Keeping with ongoing national trends, Tunheim said that Minnesota has also witnessed a gradual decline in federal trials in the past five years — dropping from 57 total civil and criminal trials in 2013 to 33 last year.

Tunheim said the district's re-entry court initiative, introduced in November 2015 and one of about 60 such courts around the country, has helped drop the recidivism rate among high-risk offenders from 74 percent to 27 percent since it began. About 48 people have gone through the 18-month program, which is led by Judges Donovan Frank and Susan Richard Nelson in St. Paul. The program is the only one in the country so far to assign mentors to former inmates for additional support, Tunheim said.

Minnesota's terrorism disengagement program — led by the U.S. Probation and Pretrial Services office — continues to supervise as many as a dozen offenders at any given time, Tunheim said. The state has sentenced more terrorism-related offenders (30) than any other over the past decade and Tunheim said the federal Bureau of Prisons has recently begun to express interest in Minnesota's program after urging from Minnesota court officials.
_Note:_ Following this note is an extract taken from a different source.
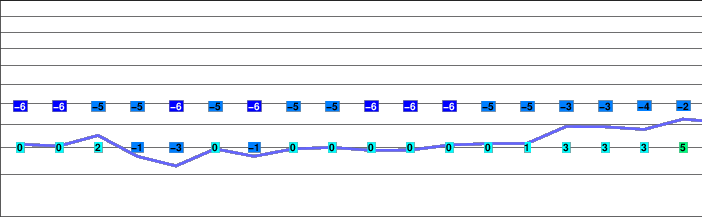 Severny freezing level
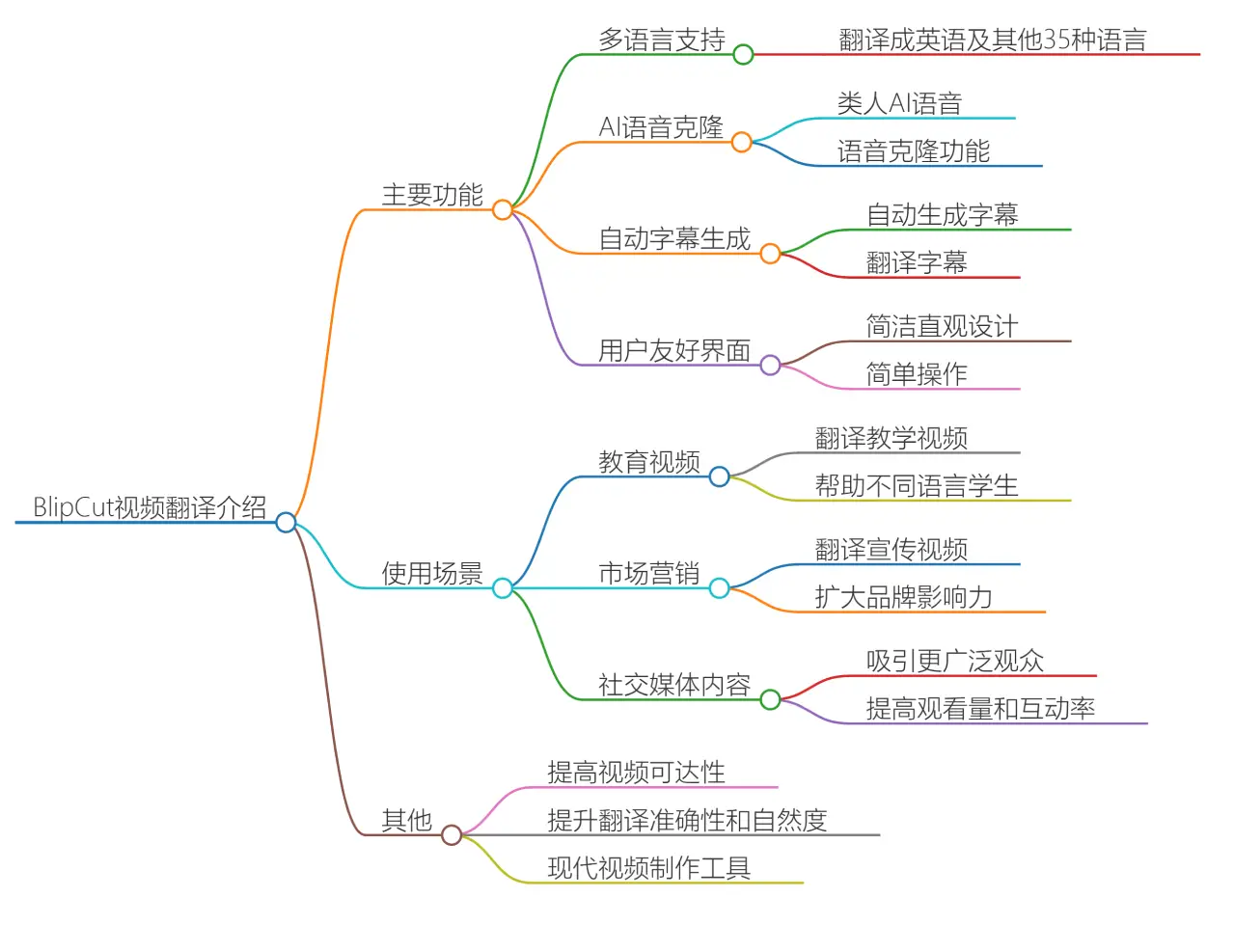 BlipCut视频翻译.webp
"It's experimental, and obviously public safety is the most important part of the process, but helping people disengage, I think, is the wave of the future for these cases," Tunheim said.

Newly confirmed Eighth Circuit Judge David Stras also attended Wednesday's address, and was recognized before Tunheim took the stage. Tunheim walked the audience through a slide show presentation but joked at the outset that he considered beginning the day with a tweet about the state of Minnesota's federal courts.

"I don't really know how to do those or even put one together but I would have said that the court is in really, really good shape and all the judges are, like, very stable geniuses," Tunheim said, in an apparent reference to a recent tweet from President Trump.